Голос одновременно вкрадчивый и властный, уверенное лицо человека, всему на свете знающего цену, а в первую очередь — самому себе, точно таким же был Грибушин и в тот январский вечер год назад, когда обезумевшая толпа громила винные склады на Вознесенской, тем вечером купцы собрались на какое — то свое совещание, и те, что отважнее, решили посмотреть на погром.

Была середина января, отряды Красной гвардии ушли из города на борьбу с Дутовым, и в один из вечеров уголовники, в неразберихе этих дней выпущенные из тюрьмы, обрастая по пути всяким сбродом, устремились на Вознесенскую. Караул смяли, по рухнувшему от напора десятков тел забору толпа ворвалась во двор, топорами рубили двери, сшибали замки, копошились на сараях, разбирая крыши, а доски сбрасывали сверху в огромный костер, мгновенно поднявшийся в центре двора. Бочки выкатывали из погребов, тут же разбивали; снег побагровел от вина в том месте, где раскурочили бочку со спиртом, горел, синие языки змеились по просевшему сугробу. Обыватели вначале робко, затем все смелее и смелее тянулись по улице с котелками, чайниками, бидонами и ведрами.

Мурзин с револьвером, Степа Колобов с полицейской «селедкой» и еще трое милиционеров с винтовками прибыли на Вознесенскую, когда шабаш был в полном разгаре. Толпа ревела, пламя костра поднималось все выше, дикошарый мужик в одних подштанниках, босой, плясал на снегу, а зрители поливали его вином, как в бане, с гиканьем плескали на голую грудь, на спину. В стороне закипала драка, вот покатилась по телам тех, кто успел упиться до бесчувствия, двое парней волокли визжащую бабу со связанным над головой подолом. Кто — то выл, кто — то пел; в ближних домах уже звенели стекла, начинались грабежи.

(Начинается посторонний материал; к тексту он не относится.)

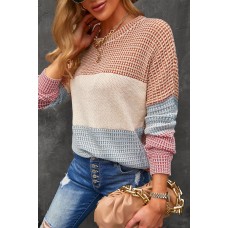 Multicolor Color Block Knitted Long Sleeve Top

И прежде чем броситься в эту кашу, Мурзин, оглядываясь, увидел среди зевак, тесной кучкой стоявших поодаль, нескольких купцов. Тогда эти люди помаячили и пропали во тьме, в пьяном реве, потому что не до них было. Они вспомнились позднее и часто потом вспоминались — единственные трезвые свидетели его беспомощности, его отчаяния. Он увидел миллионера Мешкова, на чьи средства в городе основан был университет, мецената и фрондера, помогавшего революционерам всех мастей, вплоть до анархистов; лицо его, освещенное пламенем, было печально, скорбно поджаты тонкие губы. Этого ли ждал он от революции? Этого ли хотел? Справа от него, потерянно запрокинув птичье личико, замер Карл Миллер, владелец номеров на Кунгурской улице, покровитель художеств, а слева Мурзин заметил Грибушина. Величественный, в шубе нараспашку, он стоял с таким видом, словно всегда знал, что так оно и будет, и даже предупреждал Мешкова с Миллером, но те не послушались и теперь пожинали плоды своих усилий, своего опрометчивого меценатства. В бархатных глазах Грибушина читались удовлетворение происходящим и спокойная брезгливость. Тут же был и Сыкулев — младший. Где — то рядом промелькнул злорадно сощуренный глаз Исмагилова, широко открытий — Фонштейна. Каменский переминался возле, в ужасе прикрывая лицо ладонью, но при этом глядел сквозь пальцы и не уходил, потому что не уходила Ольга Васильевна, госпожа Чагина, единственная женщина там, где женщинам не место. Поддерживаемая под руку мужем, еще живым, еще не расстреляным по ее доносу, готовая постоять за него и за себя, она сжимала маленький дамский браунинг и с хищным любопытством смотрела на кишащие людьми разоренные склады, на костер, отражавшийся в ее и без того горящих глазах, на пляшущего мужика, на мурзинских ребят, не знающих, что делать со своими винтовками, на Степу Колобова с саблей, на Мурзина; смотрела и улыбалась. И последним, кого увидел Мурзин, бросаясь к складам, был Калмыков — скособочившись, он воровато перебегал улицу с добытым где — то ведерком, в котором, налитая по самые края, плескалась и пенилась желтоватая шипящая влага шампанского.